I almost hesitate to offer this answer, because I don't want to suggest in any way that its subject was really a 'mad scientist' at all.
But he did show a few of the other characteristics suggested in the question, so his name is arguably not out of place here.
For a time in the 1960s something of a loner in his research, even a maverick, he carried out essentially self-funded work in a historic mansion that he had restored from a burnt-out shell -- used partly for his family home, and partly for a private research laboratory. During part of this period he also maintained a lone scientific position against the claims of researchers from three established research centers who thought they had disproved his theories. Some of his results appeared in two little books for which his scientific competitors made fun of him by calling them the 'thoughts of Chairman M'.
But his story ended well, he turned out to be essentially in the right, and this was eventually well-recognized. His work and results overcame the initially great reluctance from many in his field to accept them; he was awarded a Nobel Prize, and his theory and results have now become part of the orthodox foundation of knowledge in his field.

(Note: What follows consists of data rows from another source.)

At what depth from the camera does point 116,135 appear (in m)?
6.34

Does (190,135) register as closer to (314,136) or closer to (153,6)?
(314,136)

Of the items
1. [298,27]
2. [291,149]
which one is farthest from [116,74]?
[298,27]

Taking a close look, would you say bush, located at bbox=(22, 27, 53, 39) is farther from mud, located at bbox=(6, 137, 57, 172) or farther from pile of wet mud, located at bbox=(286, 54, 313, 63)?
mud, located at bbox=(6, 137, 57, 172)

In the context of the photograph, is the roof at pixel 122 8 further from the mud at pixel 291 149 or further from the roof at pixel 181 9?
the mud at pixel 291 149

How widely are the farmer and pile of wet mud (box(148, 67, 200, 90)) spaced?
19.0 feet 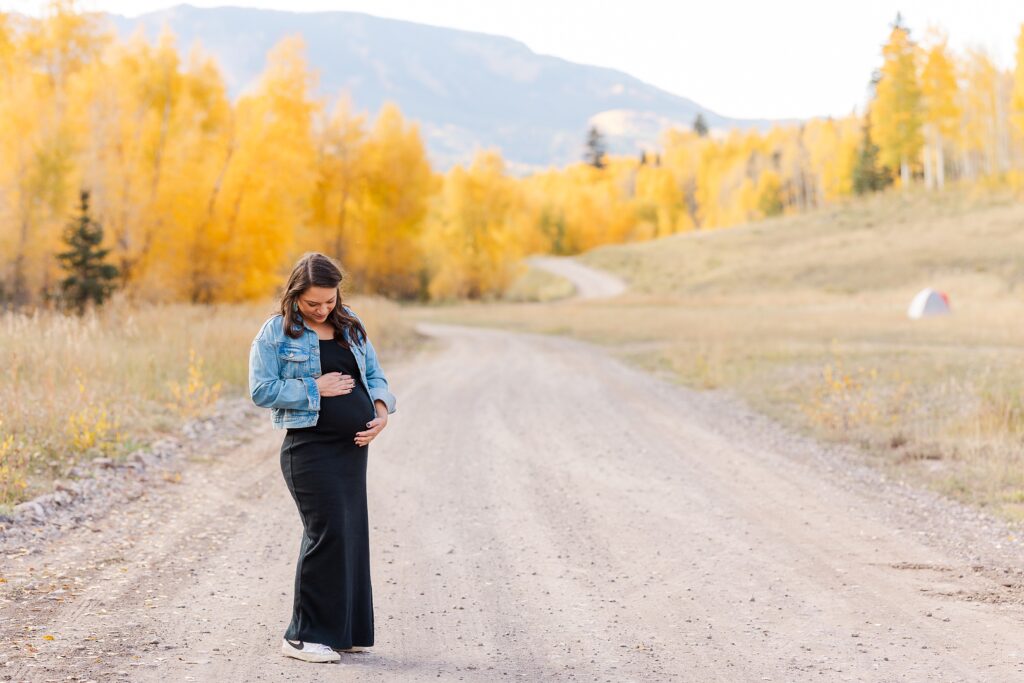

Readers of this answer who are familiar with biochemistry and cell biology will probably already have recognized that these selected glimpses come from the life and work of Peter Mitchell (1920-1992). His contribution is often not well described in brief accounts (wikipedia for example has "discovery of the mechanism of ATP synthesis" which arguably misses the main point). The issue was not the synthesis of adenosine triphosphate (ATP) altogether, it was about the harnessing and deployment of the chemical energy needed and used for most of the biochemical building processes especially within the mitochondria of eukaryotic cells. This involves a kind of recycling, in which the ATP participates in any of a wide range of biosynthetic reactions, 'spending' its chemical energy by giving up its third phosphate group, and leaving behind the corresponding diphosphate ADP (or occasionally the monophosphate AMP), compound(s) of lower chemical activity. The ADP (or AMP) then has to be 'recharged' by reconversion to ATP. A big question before Mitchell's work was accordingly, how does the cell carry out this 'recharge', to reconvert those lower-energy residual molecules by adding on the extra phosphate groups -- which takes much energy -- so as to replenish the supply of the ATP molecules that then make the chemical energy available to drive biosynthetic processes? Mitchell's correct answer was that the recharging process does not rely solely on a chain of biochemical reactions (which was the previous orthodox view), it involves subcellular membranous compartments within the mitochondria, into which ionic intermediates are pumped against concentration gradients, and then in turn drive the replenishment of the ATP as they pass out - hence 'chemi-osmotic' theory. Further details can safely be left to the references:
Mitchell's 1961 statement of his chemi-osmotic hypothesis (Mitchell, P. (1961), "Coupling of phosphorylation to electron and hydrogen transfer by a chemi-osmotic type of mechanism". Nature vol. 191 (No.4784): 144–148);
Mitchell's 1978 Nobel lecture (.pdf) and at (https://www.nobelprize.org/prizes/chemistry/1978/mitchell/lecture/);
Mitchell's 1992 obituary (by Antony Crofts, June 29th 1992, originally appeared in Photosynthesis Research);
A recent summary (.doc) of oxidative phosphorylation and chemiosmotic theory (June 2013, from Martin D Brand, Buck Institute, California; Stuart J Ferguson, University of Oxford; J Baz Jackson, University of Birmingham; David G Nicholls, Buck Institute, California; and Peter R Rich, University College, London).